- **MATERIAL FOR THIS EXERCISE**
■ ■ ■ ■ ■

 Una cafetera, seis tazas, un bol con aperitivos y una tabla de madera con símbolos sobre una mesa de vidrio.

■ ■ ■ ■ ■

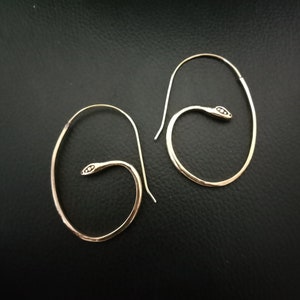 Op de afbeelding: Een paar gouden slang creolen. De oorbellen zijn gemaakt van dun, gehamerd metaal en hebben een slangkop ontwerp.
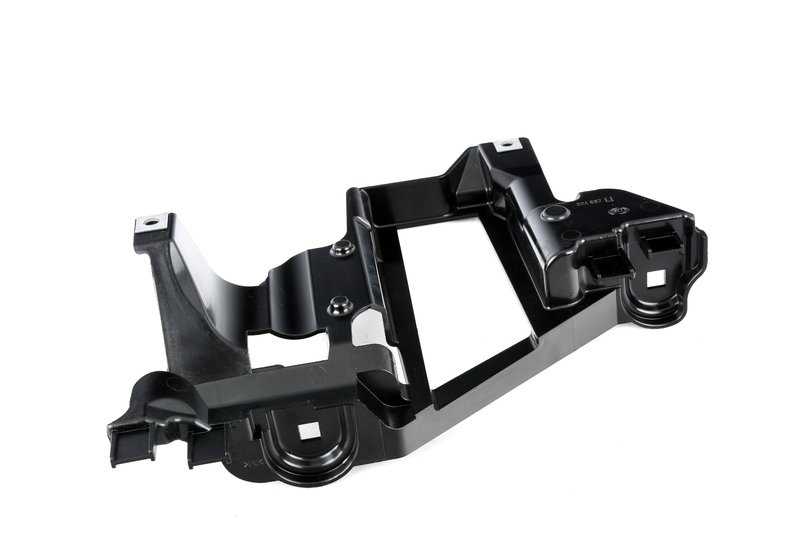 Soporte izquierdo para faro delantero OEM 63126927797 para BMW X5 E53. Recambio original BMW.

■ ■ ■ ■ ■

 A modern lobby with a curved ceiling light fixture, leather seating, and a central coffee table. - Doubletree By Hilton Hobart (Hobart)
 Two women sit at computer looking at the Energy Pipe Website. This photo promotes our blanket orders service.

■ ■ ■ ■ ■

- **DESCRIPTION OF THE TASK**
Set down, exactly as they appear above, all lines from the one that has "A modern lobby" down to the one that has "Two women sit", including those two and no others.

- **FINISHED EXERCISE**
 A modern lobby with a curved ceiling light fixture, leather seating, and a central coffee table. - Doubletree By Hilton Hobart (Hobart)
 Two women sit at computer looking at the Energy Pipe Website. This photo promotes our blanket orders service.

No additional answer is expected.